We agree that the detachment of the Higgs mode from the quasiparticle continuum has been observed by these colleagues previously in their preprint. Consequently, we added a brief discussion of their results as well.
We would like to highlight, that we propose additional modes beyond the finding of Barankov and Levitov, namely the existence of Higgs (and phase) modes beyond the primary ones for stronger interactions. We think that this represents an important novel finding.
We would like thank the Referee again for the interesting reference, thereby improving our manuscript by connecting it to previous research.

Author: Joshua Althüser on 2025-06-23 [id 5589]
(in reply to Report 2 on 2025-06-16)We thank the Referee for their time and kind and positive report as well as for the constructive suggestions. Let us address the points individually:
Our calculations are done at zero angular momentum and at zero center-of-mass momentum. We have added a few explanatory sentences to make this clearer. We do not believe that there is an analytical solution to this problem because the effective interaction is not a density-density interaction in real space. This assessment is supported by the result from the reference (Barankov and Levitov [arXiv: 0704.1292]) provided by the other Referee, in which also a detachment of the Higgs mode from the lower edge of the two-particle continuum has been observed. This finding was obtained by numerical means as well.

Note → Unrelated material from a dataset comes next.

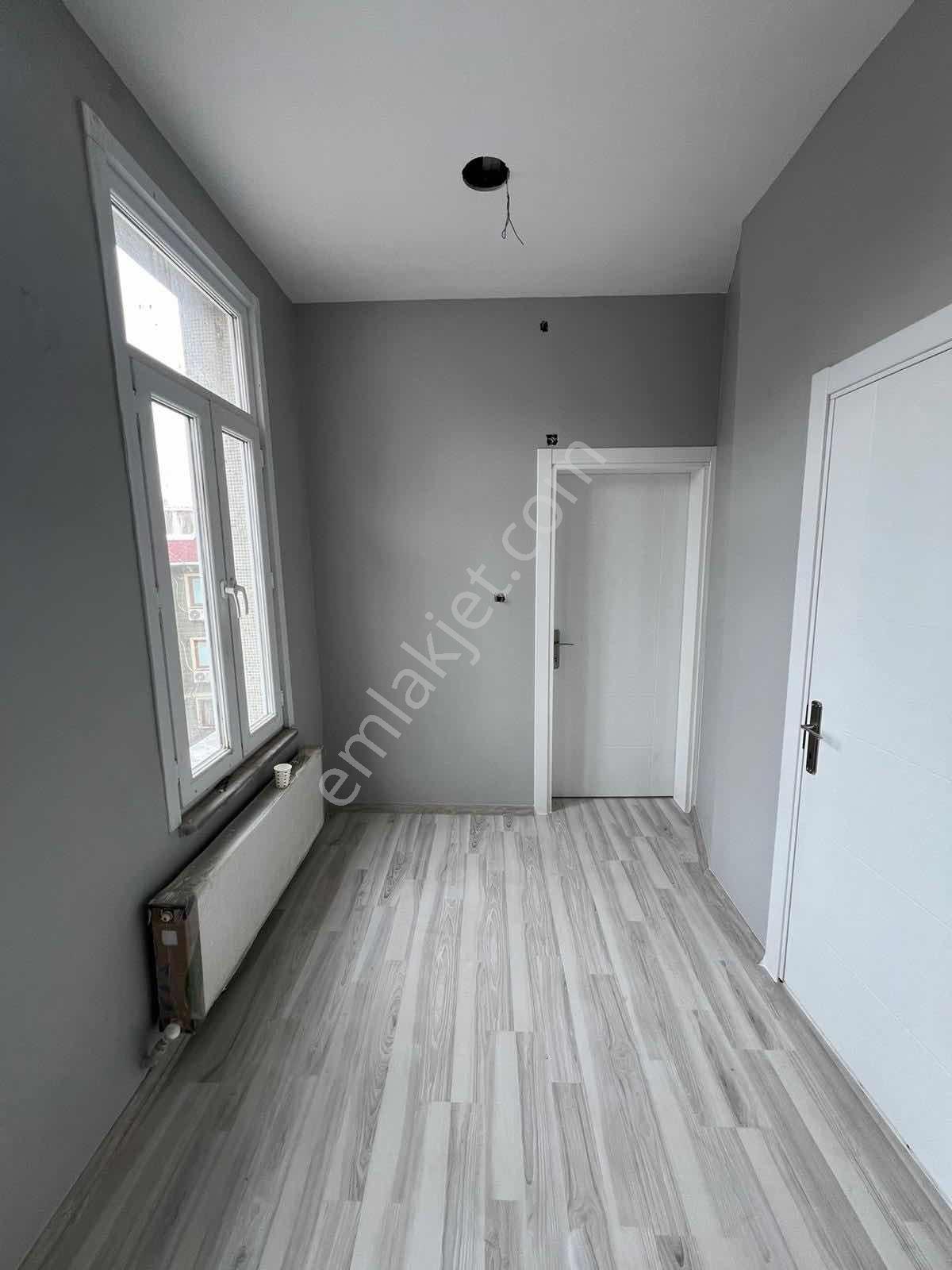 Ayvansarayda Sahile Yakın 10 Yılda Amorti Eden Kiracılı Bina - Görsel 12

We agree that the results of Bardasis and Schrieffer deserve more discussion and have added a paragraph accordingly. The important distinction between the results by Bardasis and Schrieffer and ours in the manuscript consists in the angular momentum: We performed calculations at zero angular momentum L=0, while the Bardasis-Schrieffer modes hinge on L \neq 0.

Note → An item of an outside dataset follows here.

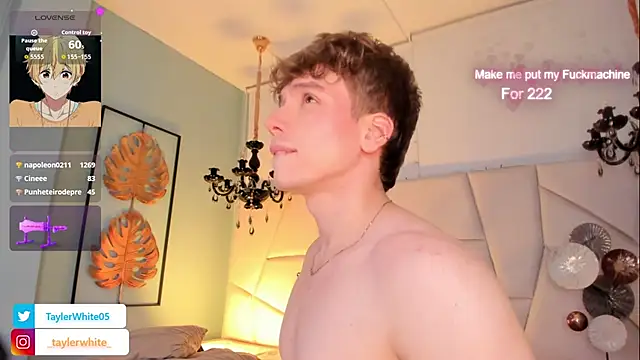 TaylerWhite Chat XXX in diretta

The usage of the screening (3) is a standard procedure known as the Thomas-Fermi screening. This type of expression arises from chains of bubble diagrams (cf. Fig. 1). In fact, this approach has been used before in the context of superconductors (cf. Simonato, Katsnelson, and Rösner in https://doi.org/10.1103/PhysRevB.108.064513). We further note that for a generic screening strength, we reproduce the results by Tolmachev, and Morel and Anderson. Hence, the renormalization of the interaction by the Cooper ladder. We added a paragraph below Eq. (3) discussing these connections.
We would like thank the Referee again for their aid in improving our manuscript by encouraging us to provide clearer explanations of our assumptions and calculations.